Jan 18, 2011: Mark Timmer: Symbolic Reductions of Probabilistic Models using Linear Process Equations

January 18, 2011Symbolic Reductions of Probabilistic Models using Linear Process Equations
Room: Zi 5126Mark Timmer
12:30-13:30

In this presentation I introduce a process algebra that incorporates both probability and data; most notably, it allows parameterised, i.e., state-dependent, probabilistic choice. Clearly, the incorporation of data often results in very large state spaces. Several techniques already exist to battle the state space explosion by reducing the underlying probabilistic model directly. However, this does not solve the problem for models that are too large to generate in the first place. Therefore, the successful analysis of data-driven specifications requires symbolic optimisation techniques, operating at the language level and reducing the state space before generating it.
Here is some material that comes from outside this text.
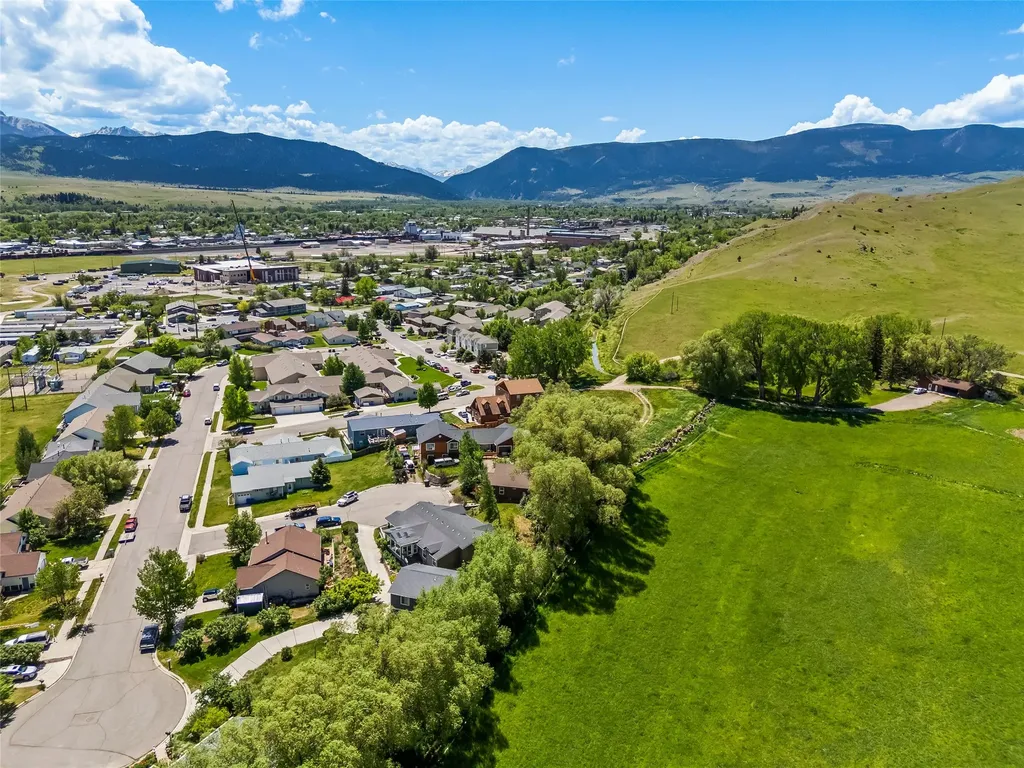 1301 Absaroka Court Livingston MT 59047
To enable such techniques, in earlier work we defined a probabilistic generalisation of the existing linear process equation: the LPPE. These equations are a restriction of the full process algebra, similar to the Greibach normal form. We also provided a two-phase algorithm to transform any specification in our algebra to this restricted form. The simplicity of the LPPE makes it easier to reason about many characteristics of the probabilistic specification, such as its control flow or potential commutativity of actions. So far we exploited this by defining two reductions that can be applied directly to the LPPEs: a process-algebraic variant of dead-variable reduction, and a novel probabilistic approach to confluence reduction using commuting unobservable transitions. A prototype implementation has shown that these can indeed significantly shrink the state space of actual specifications.
The process-algebraic format itself was already presented at a lunchmeeting in 2010, and the process-algebraic variant of dead-variable reduction at a lunchmeeting 2009. This time, I will briefly recall these results and mainly focus on the latest addition: confluence reduction.